The armament of the Martinsyde consisted of a Lewis Gun on the top of the plane with a long extension handle with which the pilot could bring the gun to a vertical position to change the ammunition drum in flight.

At first it was the small drum containing 47 rounds but later there was a double drum containing 98 rounds. Spare drums were accommodated in racks inside round the pilot’s seat and it was no easy job changing these drums, especially the big ones, against the wind pressure. In addition we fitted a Lewis Gun on a simple mounting behind the pilot’s seat to “frighten off” an enemy on our tail, but this was really of very little use as it was not possible to turn round and fire it without very much affecting the control of the aircraft.

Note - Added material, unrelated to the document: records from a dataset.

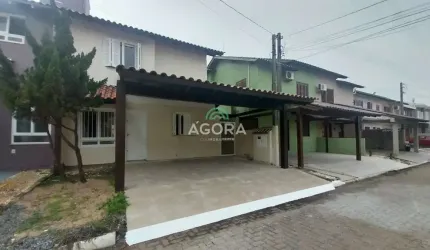 Casa em condomínio fechado com 2 quartos para alugar no Harmonia, Canoas  por R$ 4.200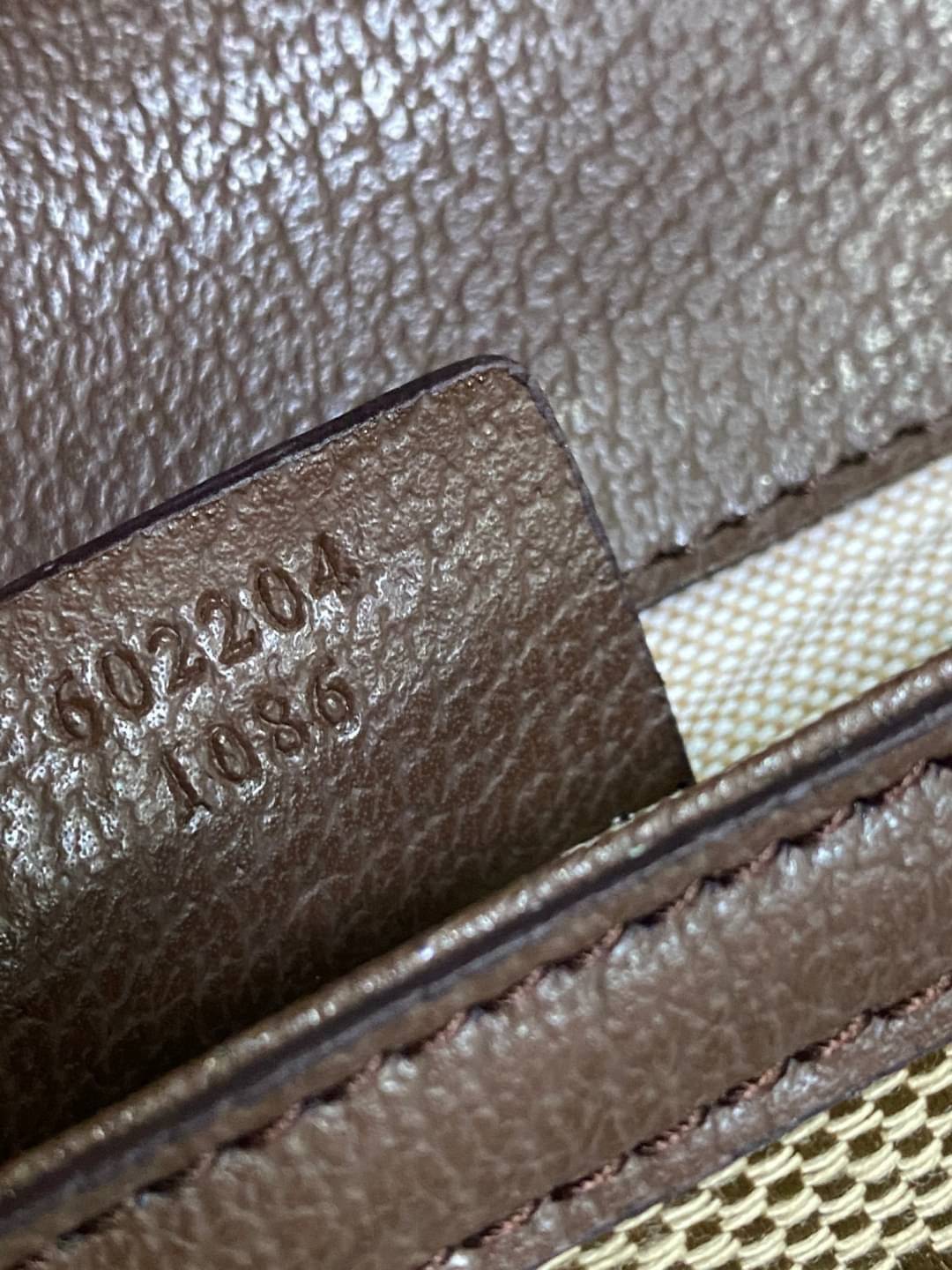 GUCCI Horsebit 1955 jumbo GG mini bag กระเป๋าสะพายสุดหรู ผ้าแคนวาส GG จัมโบ้ สีคาเมลและสีน้ำตาลอีโบนี ตราสัญลักษณ์ของแบรนด์อันเป็นที่จดจำได้ในทันที สัญลักษณ์ช่วยเสริมการออกแบบในรูปแบบใหม่ที่คาดไม่ถึง เบื้องหลังสัญลักษณ์ทุกอันคือประเพณีและคุณค่าของแบรนด์ ส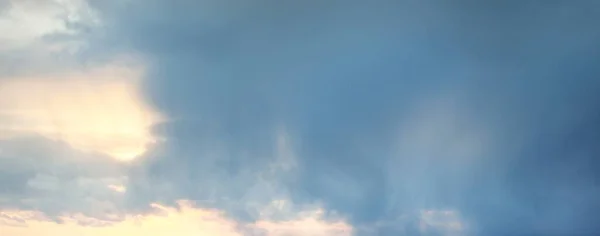 Heldere Lucht Gloeiende Cirrus Cumulus Wolken Storm Zacht Zonlicht Dramatische — Stockfoto
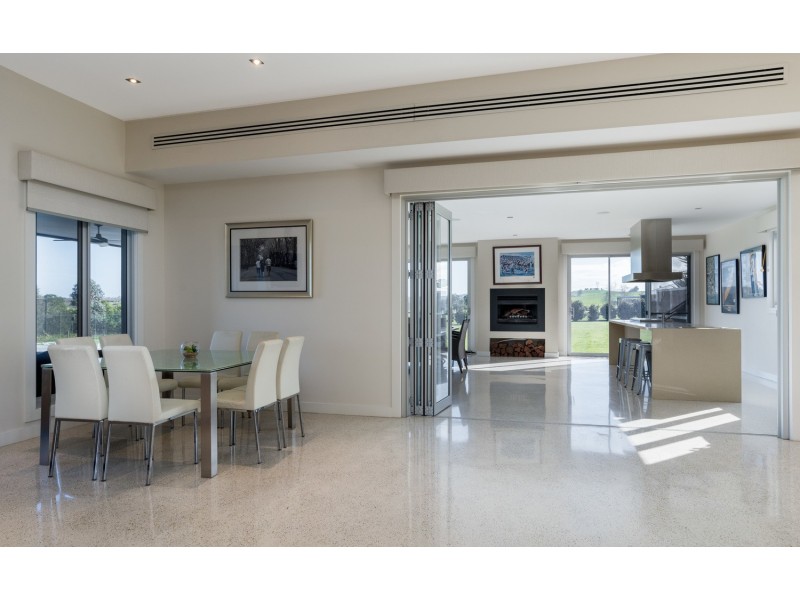 70 Sunset Drive, Chirnside Park VIC 3116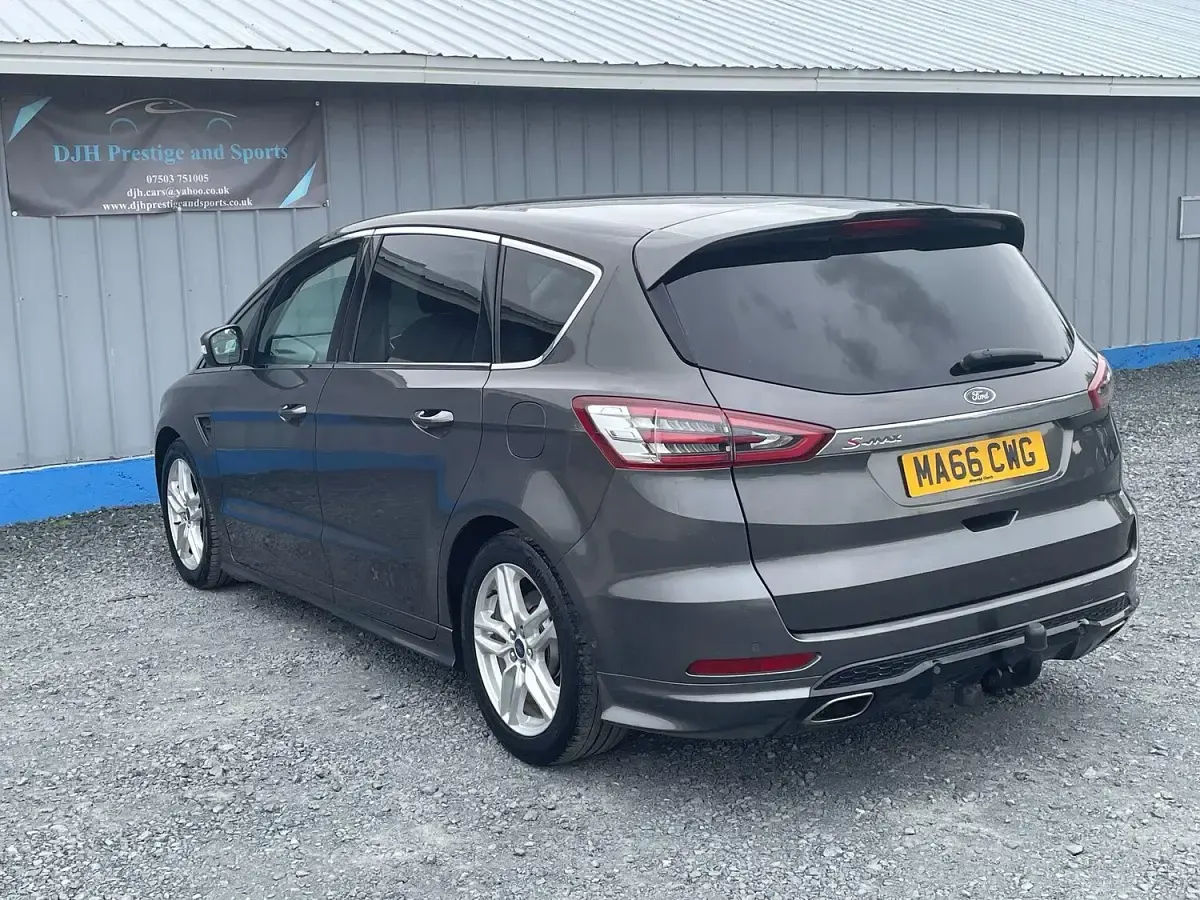 Used Ford S-MAX Sport 150 HP (110 kW) 2016 Grey MPV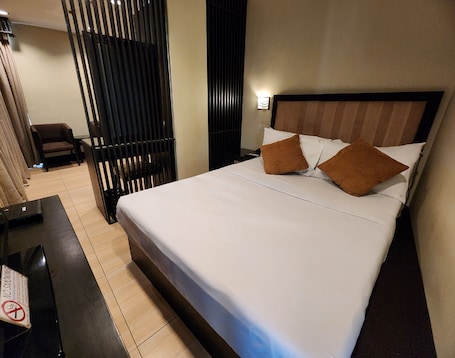 Deluxe Double Room | Free WiFi, bed sheets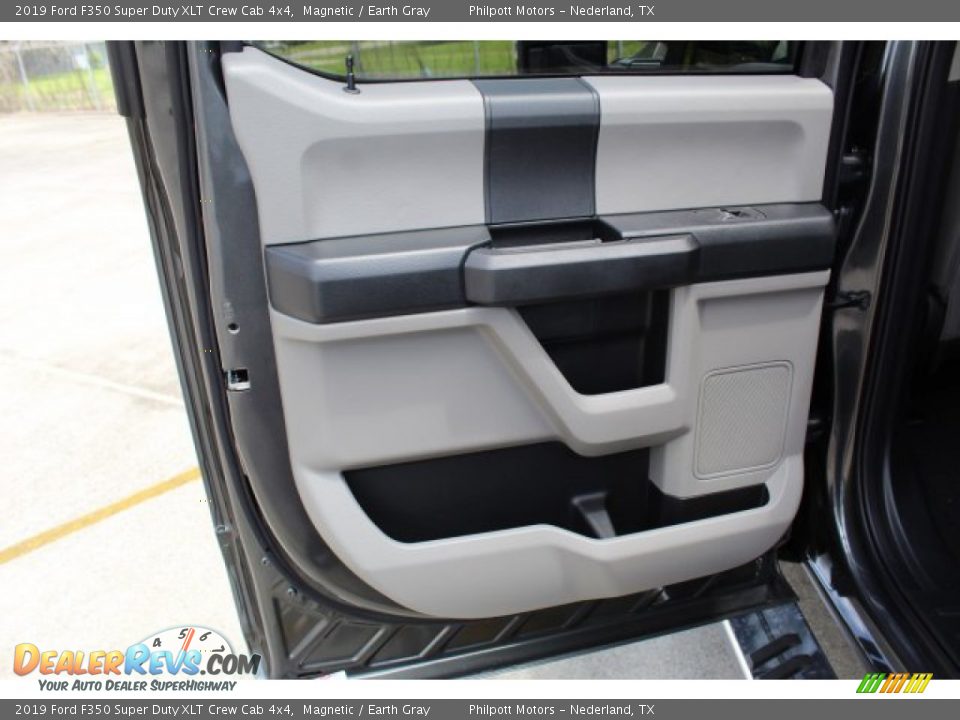 2019 Ford F350 Super Duty XLT Crew Cab 4x4 Magnetic / Earth Gray Photo #18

Another pilot who joined the squadron at the same time as Johnny Darwin wrote amusingly of the Elephant that it was “a delightful machine for leisurely pleasure, but totally unsuitable for daylight bombing or indeed any kind of war mission”. It took this aeroplane, loaded with its bombs, two hours to reach its operational height of 15,000ft.

Later in 1917, Darwin returned to England from France to become a flying instructor at the Central Flying School, at Upavon, Wiltshire.

When 87 Squadron was formed there in 1918, by then promoted to captain, he took the unit to France and when its commanding officer was killed in action, Darwin succeeded him in command.

FLYING Sopwith Dolphins, he became an ace by shooting down five enemy aircraft between May and September.

The Distinguished Service Order he was awarded was given because he had proved himself “an exceptionally skilful and gallant patrol leader, conspicuous for utter fearlessness and disregard of danger”. On a recent occasion, in company with one other machine, he attacked a formation of 14 Fokker biplanes, one of which was shot down and crashed.

After the war, he stayed in the new Royal Air Force and was granted a permanent commission, serving as a major in various roles at the Central Flying School and at RAF Cranwell until his retirement from the service in 1928.

He then worked as the London manager of the Bristol Aeroplane Company until the outbreak of the Second World War, when he rejoined the RAF as a squadron leader. He died on Boxing Day 1941 having taken ill the previous April. He was cremated at Golders Green crematorium.

His son, Christopher, also served with 87 Squadron as a fighter pilot in 1939. He was killed in action over North Africa in 1942.

During the Second World War, Dryburn House was an emergency hospital for wounded servicemen of both sides and still exists as part of the University Hospital of North Durham.